Anonymous ID: cbe519 June 28, 2020, 5:41 a.m. No.9775061   🗄️.is 🔗kun

Hit piece on White's and Cops. No town is safe, or immune. All assets Deployed, coming to a town near you…

(side note, BYD has the largest plant in CA in the Antelope Valley)

 

'The Confederacy of California': life in the valley where Robert Fuller was found hanged

 

In a corner of desert country at the northernmost edge of Los Angeles county, Black boys have grown up watching their fathers handcuffed by sheriff’s deputies during routine traffic stops. Black girls have had racial slurs shouted at them from passing cars and been warned not to go out by themselves at night.

 

“The Confederacy of southern California is the Antelope Valley,” said Ayinde Love, a longtime Lancaster resident and organizer.

 

When the body of Robert Fuller, a 24-year-old Black man, was discovered hanging from a tree near Palmdale city hall earlier this month, it plucked at a trauma that had been etched into the Black community for generations. Just over a week before, the body of Malcolm Harsch, a 38-year-old Black man, had been found hanging from a tree just 50 miles east. Together, Fuller and Harsch’s deaths ignited a firestorm of fear in the region, of white supremacist hate group violence and police conspiracy, during a time of racial reckoning nationwide.

 

Coroners with the Los Angeles county sheriff’s department preliminarily declared Fuller’s death a suicide. But following widespread outcry, the Los Angeles sheriff, Alex Villanueva, backtracked on the finding and announced that the FBI and the state attorney general’s office would monitor the department’s investigation.

 

Two days later, Los Angeles sheriff’s deputies fatally shot Fuller’s brother.
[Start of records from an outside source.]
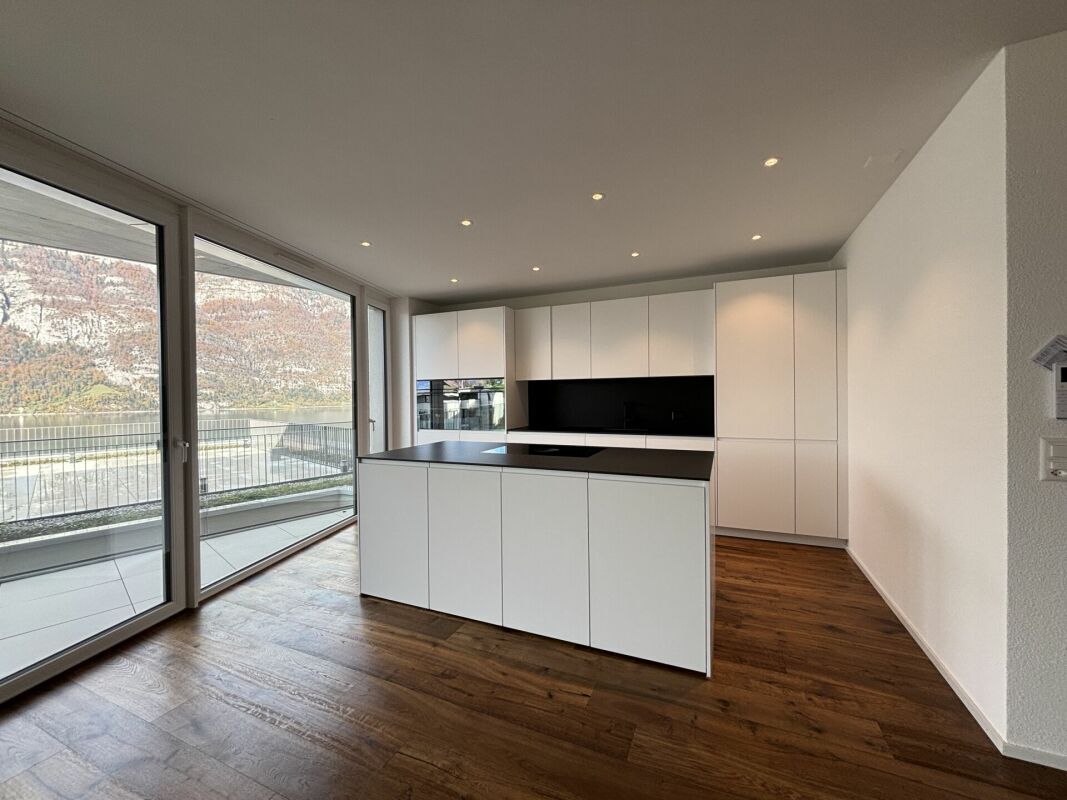Exklusive 5.5 Zimmer-Terrassenwohnung mit Blick auf den Walensee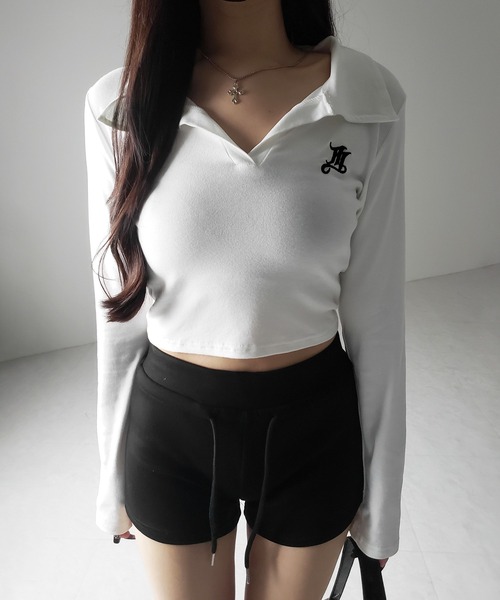 me+em select(ミームセレクト)の「【 2color 】M LOGO スキッパーショートTシャツ / M LOGO skipper neck short T-shirt(Tシャツ/カットソー・レディース・ブラック/ホワイト・FREE)」の10枚目の写真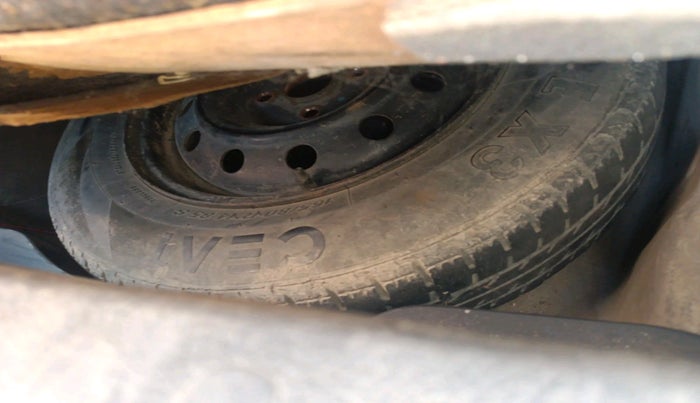 2015 Maruti Swift Dzire VXI, Petrol, Manual, 1,03,344 km, tyre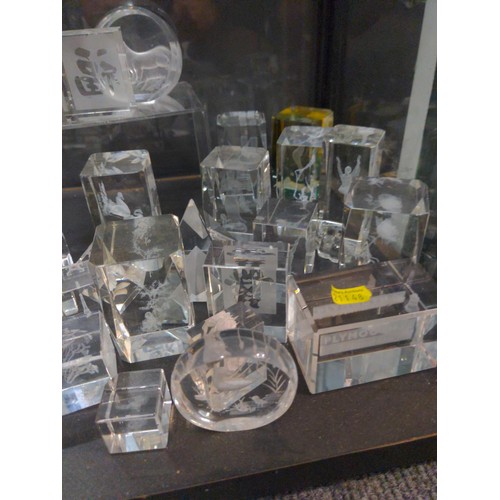 316 - Large selection (over two shelves) of etched glass paperweights/desk furniture. Including depiction ... 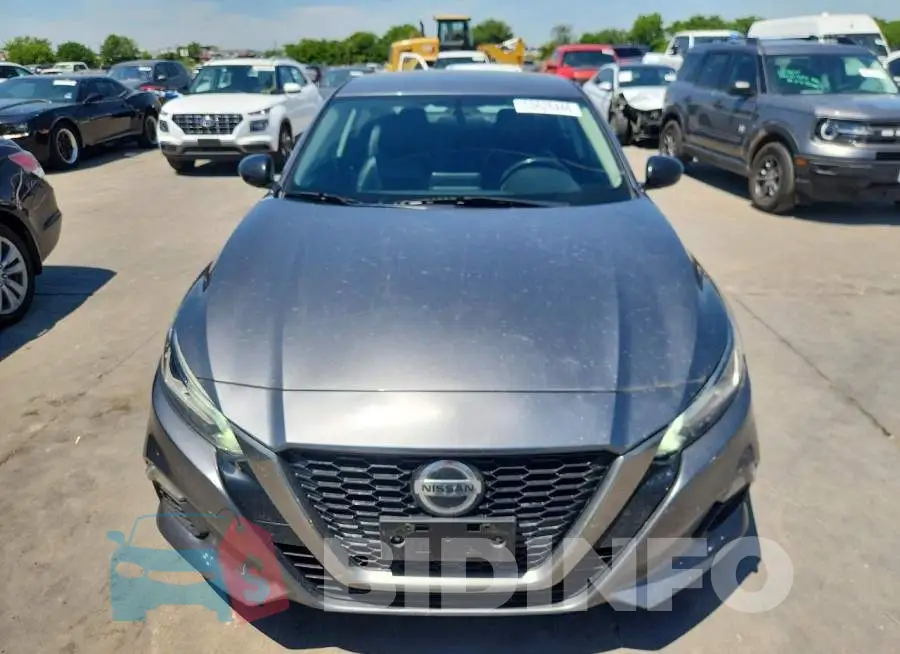 1N4BL4CV4KC120583 Photo# 5
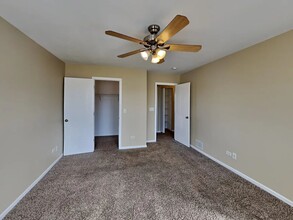 274 Clarendon Ln in Bolingbrook, IL - Building Photo - Building Photo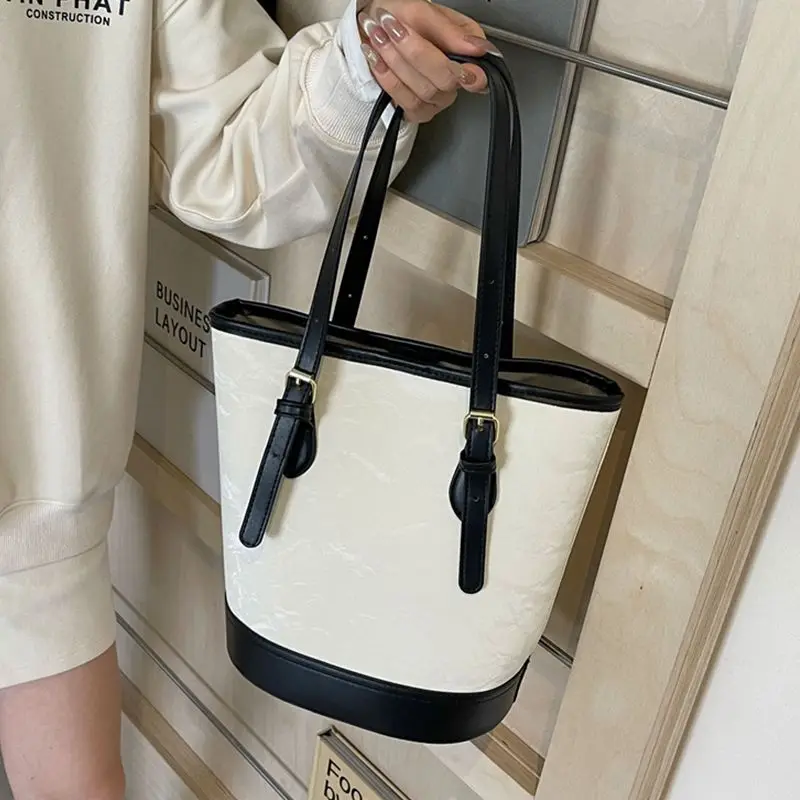 

Spring Summer Retro Large Capacity Underarm Female 2024 New Korean Version Popular Color Bump Shoulder Bucket Fashion Trend Bag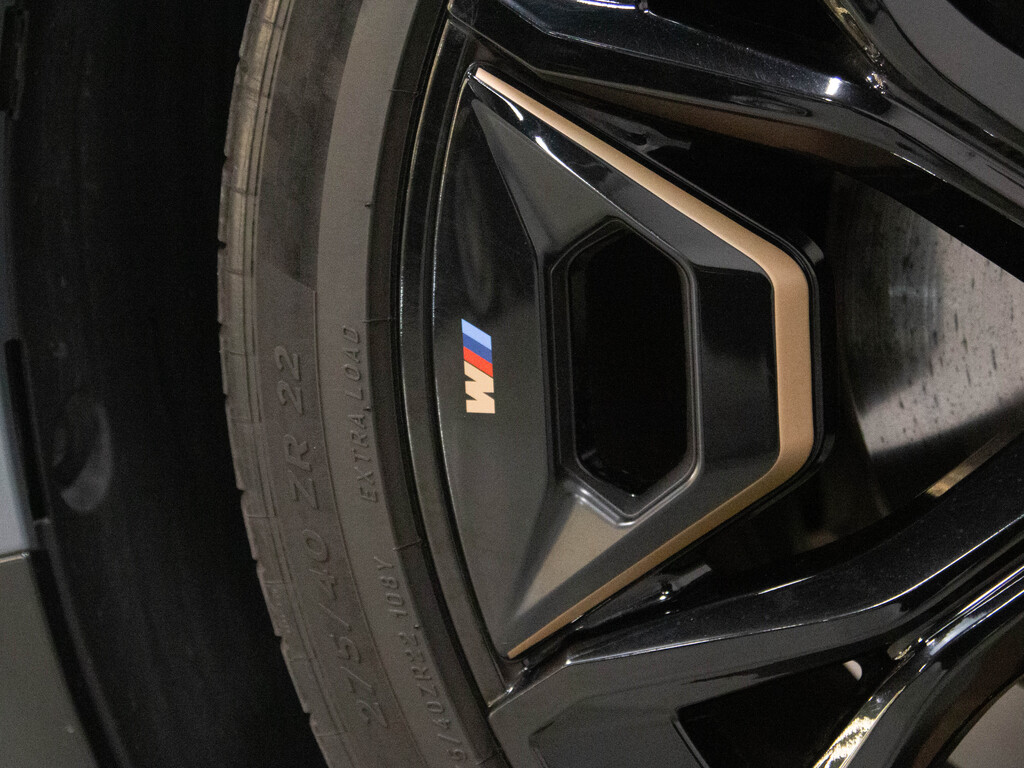 2023 BMW iX M60, 多伦多, 全款车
It was the department’s sixth fatal shooting since the killing of George Floyd sparked worldwide protests and heightened scrutiny of police violence.

 

Two mysterious deaths of Black men, a thin investigation from a sheriff’s department with a documented history of misconduct, another police killing, all within a dry desert landscape rife with historic anti-black hate. To many in Antelope Valley’s Black community, it came to represent the years of racism, bigotry and violence that has gone overlooked in what is considered one of the most left-leaning counties in America.

 

“People are arguing whether it was homicide or whether it was suicide, but that’s not the position that I’m taking,” Love said. “It’s a lynching regardless, because it is an act of violence when the people that are supposed to serve your community send a message through their lack of concern.”

 

‘Black men’s fear? The police’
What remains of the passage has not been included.